TASK ITEM
Find, in the records below, the line that contains "2in1 Dual Controller" and the line that contains "OLANLY Dog Door". Copy those two lines and everything between them exactly, but not the pictures.

EXTRACTED MATERIAL

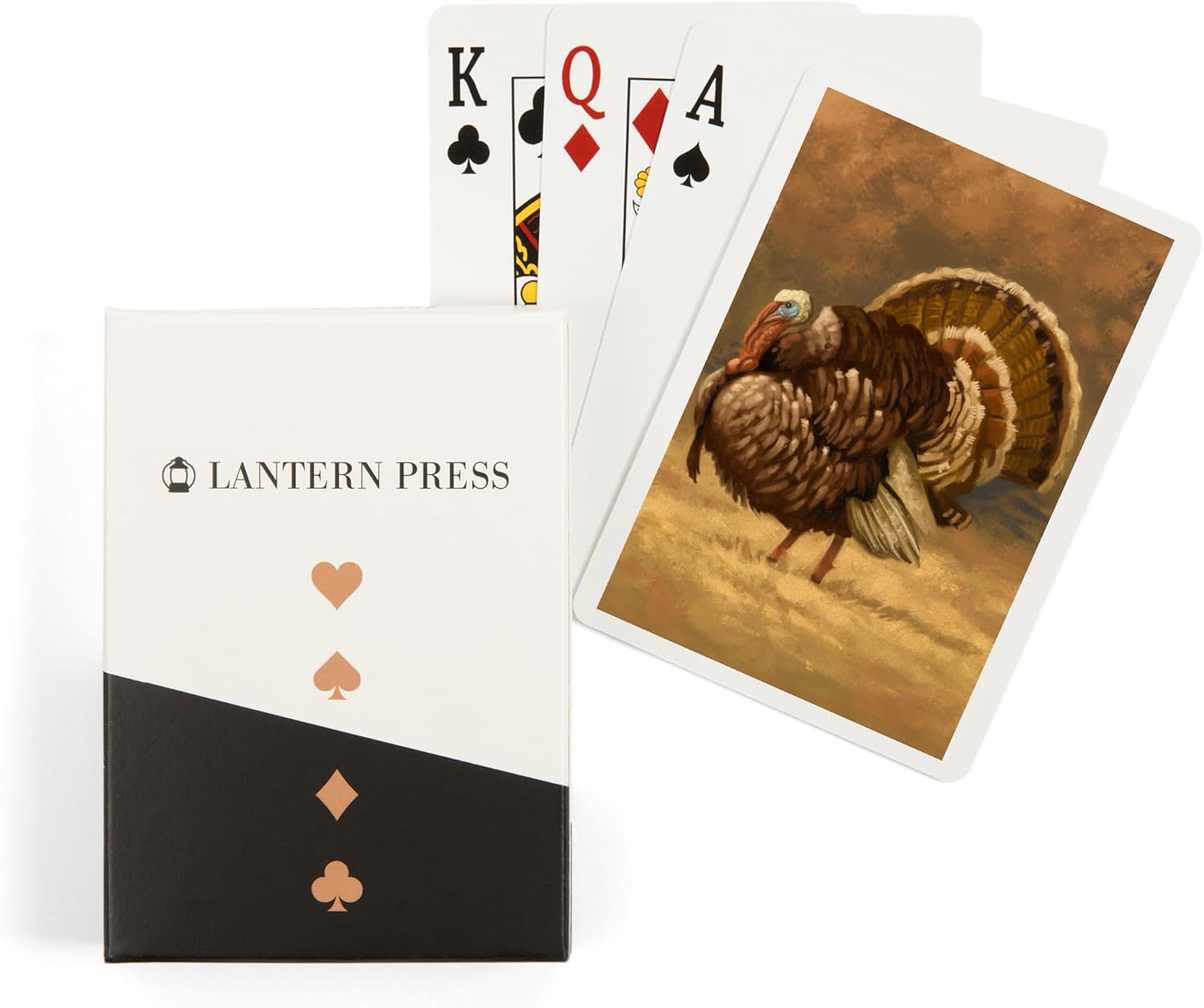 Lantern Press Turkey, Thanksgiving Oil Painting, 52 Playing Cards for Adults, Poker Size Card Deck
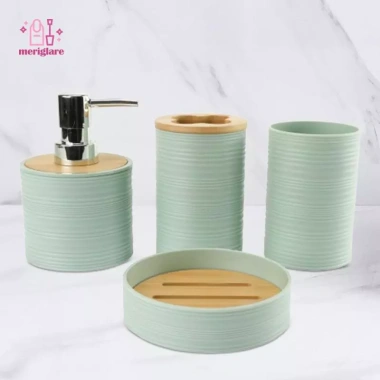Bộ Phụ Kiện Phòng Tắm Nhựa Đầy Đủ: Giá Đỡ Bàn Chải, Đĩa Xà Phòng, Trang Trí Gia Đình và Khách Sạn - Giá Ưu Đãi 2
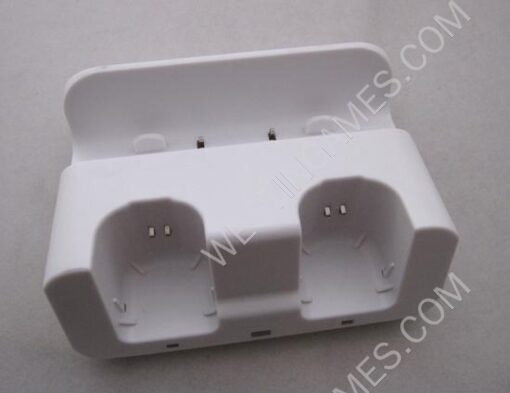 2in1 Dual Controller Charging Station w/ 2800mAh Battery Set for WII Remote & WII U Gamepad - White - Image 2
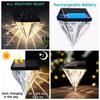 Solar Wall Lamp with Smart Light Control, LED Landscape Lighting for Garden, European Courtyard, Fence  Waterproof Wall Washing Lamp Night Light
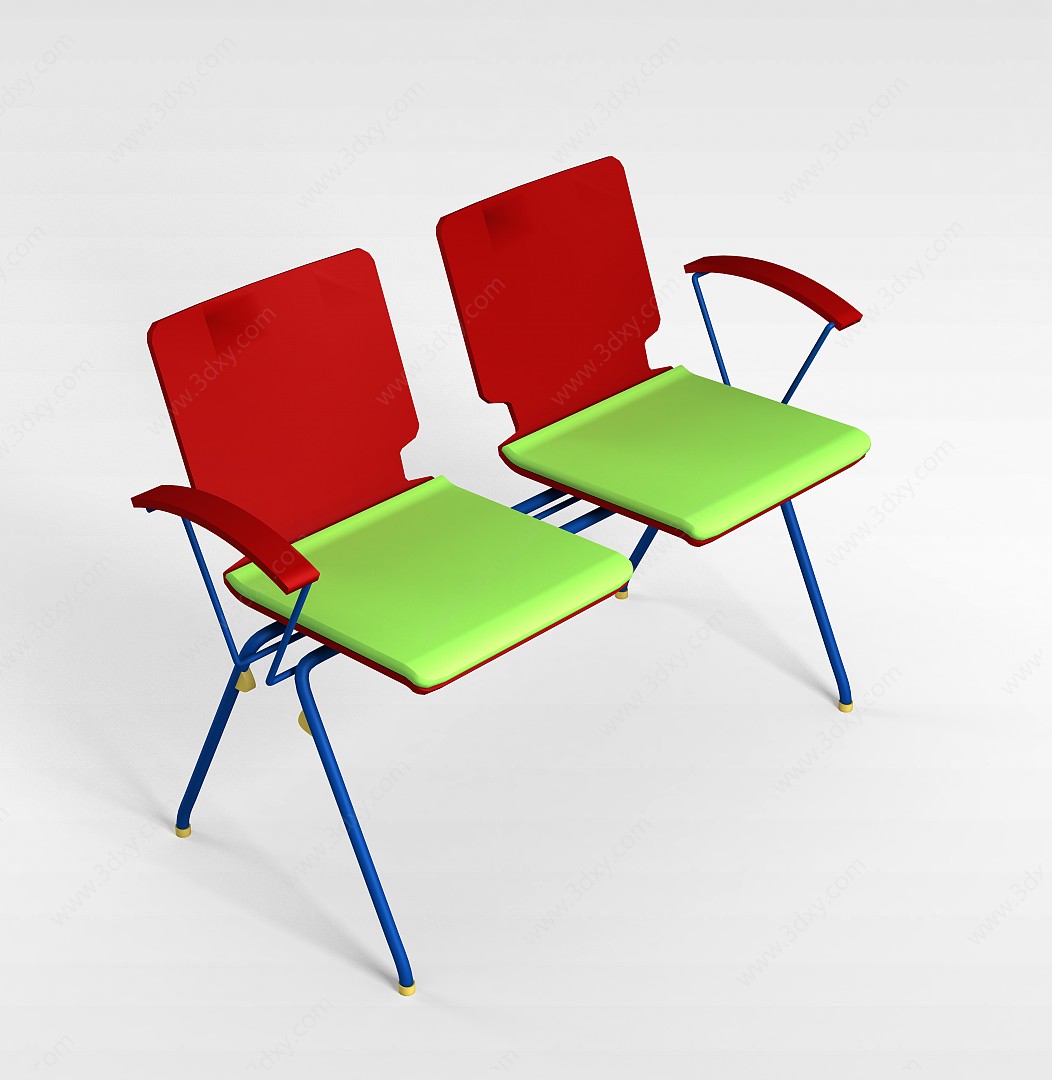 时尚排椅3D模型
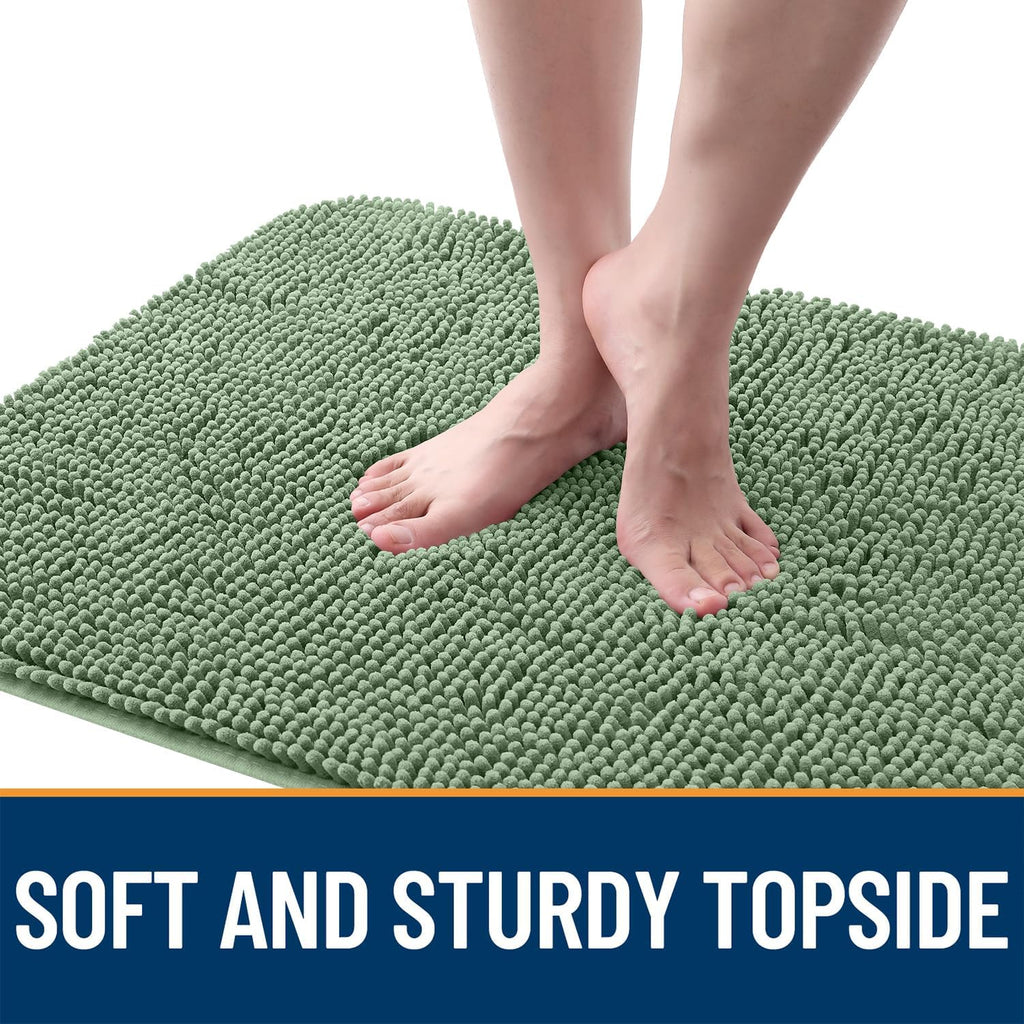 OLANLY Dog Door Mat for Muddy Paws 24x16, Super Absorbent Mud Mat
...
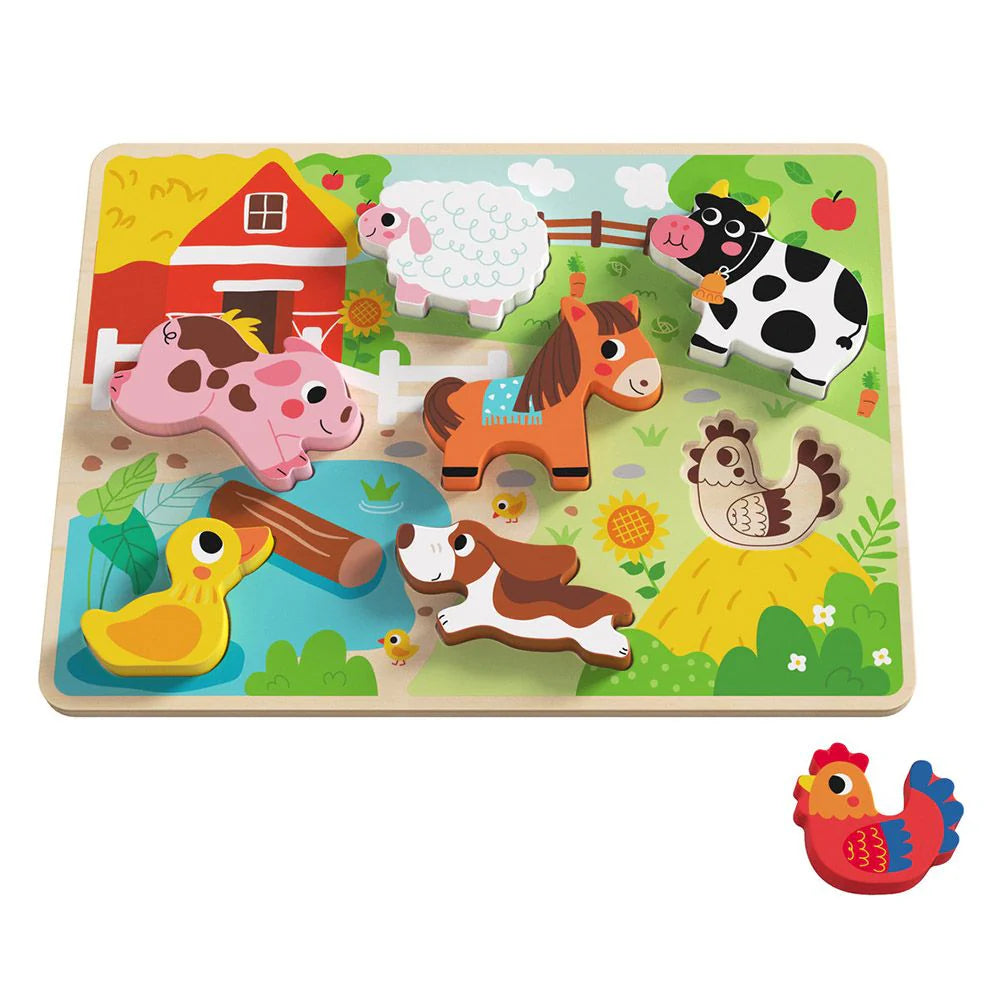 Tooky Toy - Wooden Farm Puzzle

EXERCISE ANSWER
 2in1 Dual Controller Charging Station w/ 2800mAh Battery Set for WII Remote & WII U Gamepad - White - Image 2
 Solar Wall Lamp with Smart Light Control, LED Landscape Lighting for Garden, European Courtyard, Fence  Waterproof Wall Washing Lamp Night Light
 时尚排椅3D模型
 OLANLY Dog Door Mat for Muddy Paws 24x16, Super Absorbent Mud Mat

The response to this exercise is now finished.